Your task: Transcribe the lines below exactly, beginning with the line that holds "Фото автомобиля MAZDA" and ending with the final line, both included. Pictures are to be left out.
*** Material provided ***
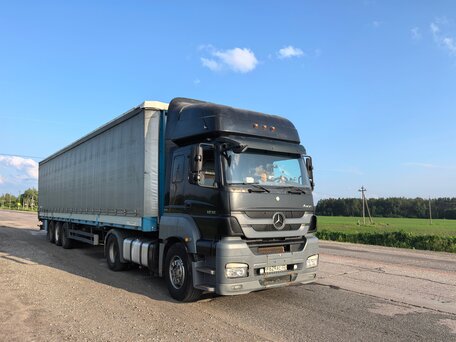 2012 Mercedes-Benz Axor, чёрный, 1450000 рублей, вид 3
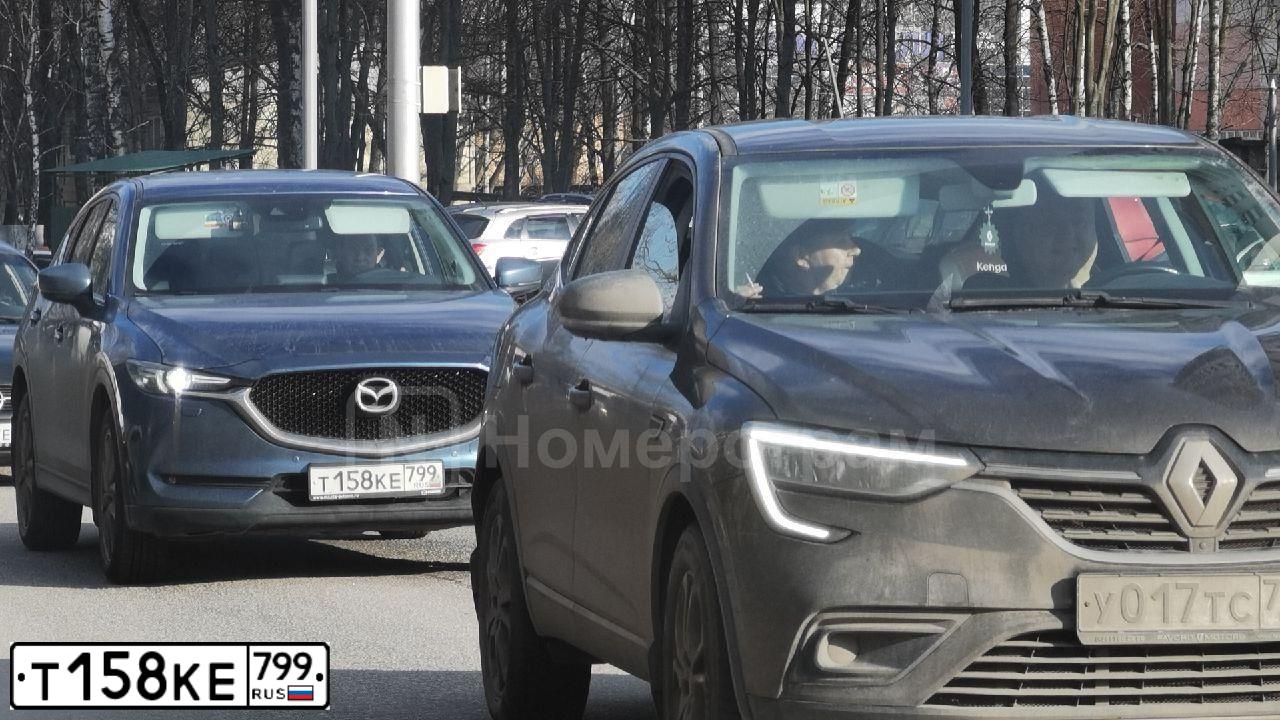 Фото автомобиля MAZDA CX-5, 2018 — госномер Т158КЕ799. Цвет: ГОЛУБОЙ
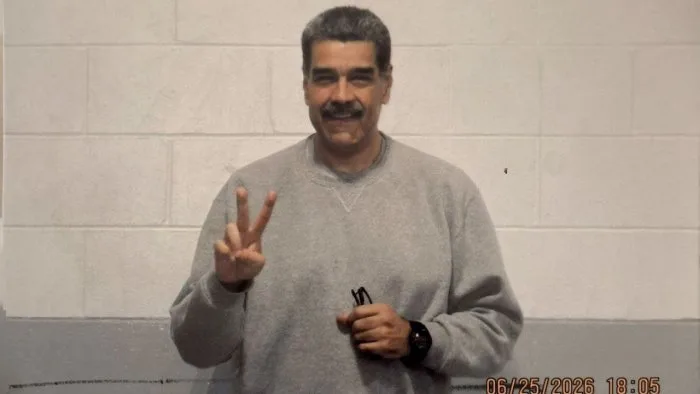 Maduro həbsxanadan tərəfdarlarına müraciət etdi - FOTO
*** End of Material provided ***
Your solution:
 Фото автомобиля MAZDA CX-5, 2018 — госномер Т158КЕ799. Цвет: ГОЛУБОЙ
 Maduro həbsxanadan tərəfdarlarına müraciət etdi - FOTO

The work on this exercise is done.